▽

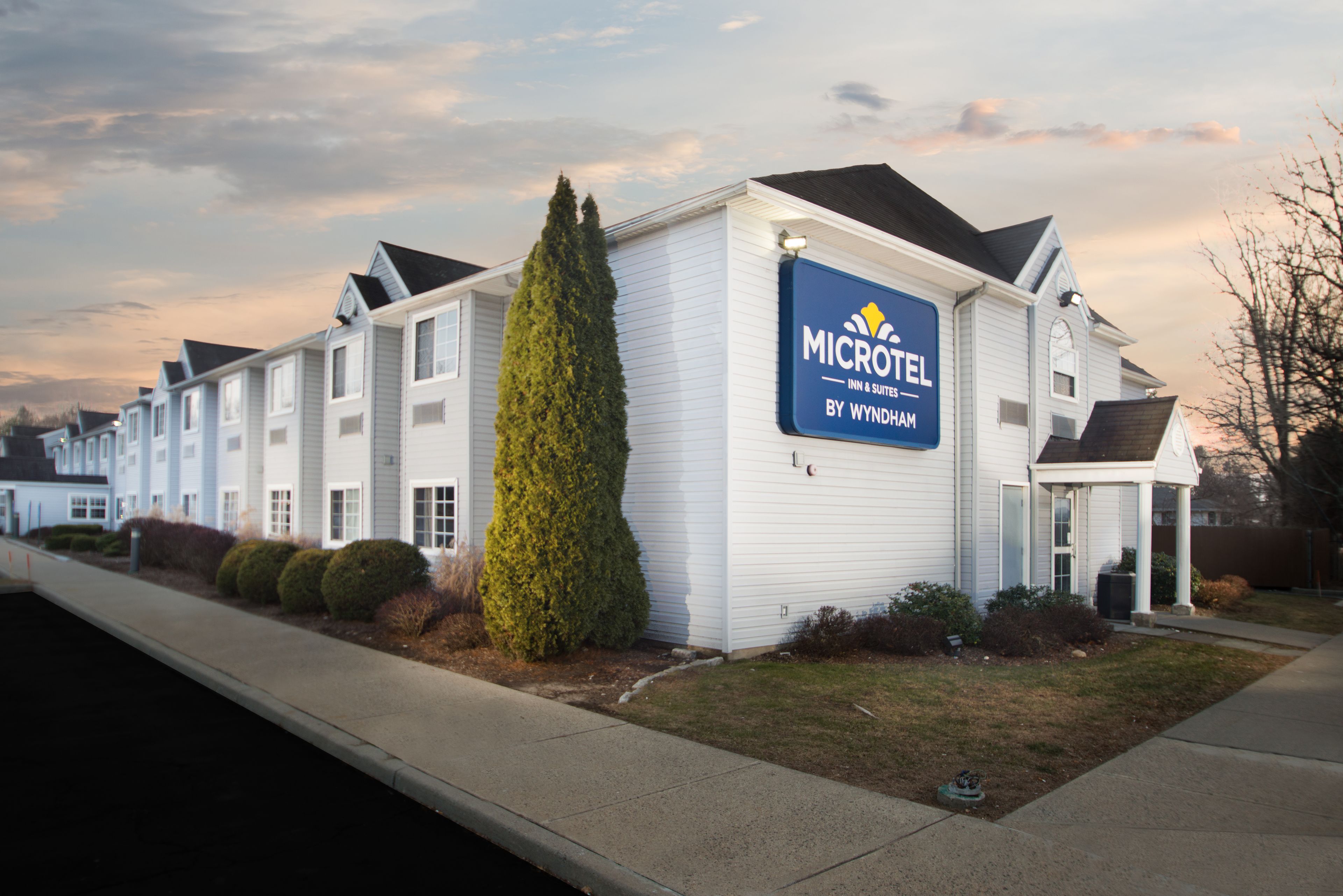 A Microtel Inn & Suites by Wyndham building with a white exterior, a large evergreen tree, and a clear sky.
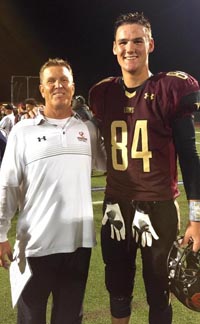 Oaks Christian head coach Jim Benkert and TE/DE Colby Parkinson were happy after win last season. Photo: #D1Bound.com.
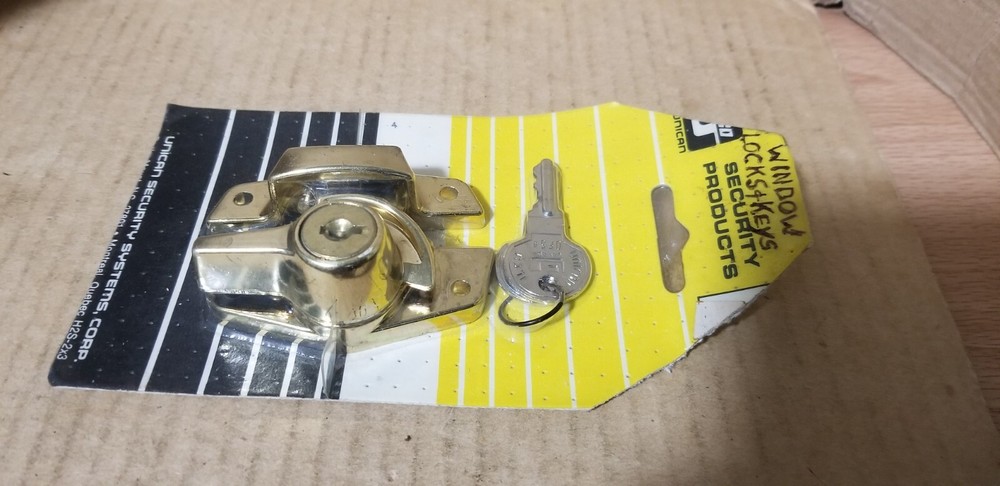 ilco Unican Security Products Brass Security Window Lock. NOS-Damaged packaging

△

[EXERCISE OBJECTIVE]
No pictures should appear in the copy, which holds exactly the lines from the first line of the data through the line with "Oaks Christian head" and nothing else.

[FINISHED EXERCISE]
 A Microtel Inn & Suites by Wyndham building with a white exterior, a large evergreen tree, and a clear sky.
 Oaks Christian head coach Jim Benkert and TE/DE Colby Parkinson were happy after win last season. Photo: #D1Bound.com.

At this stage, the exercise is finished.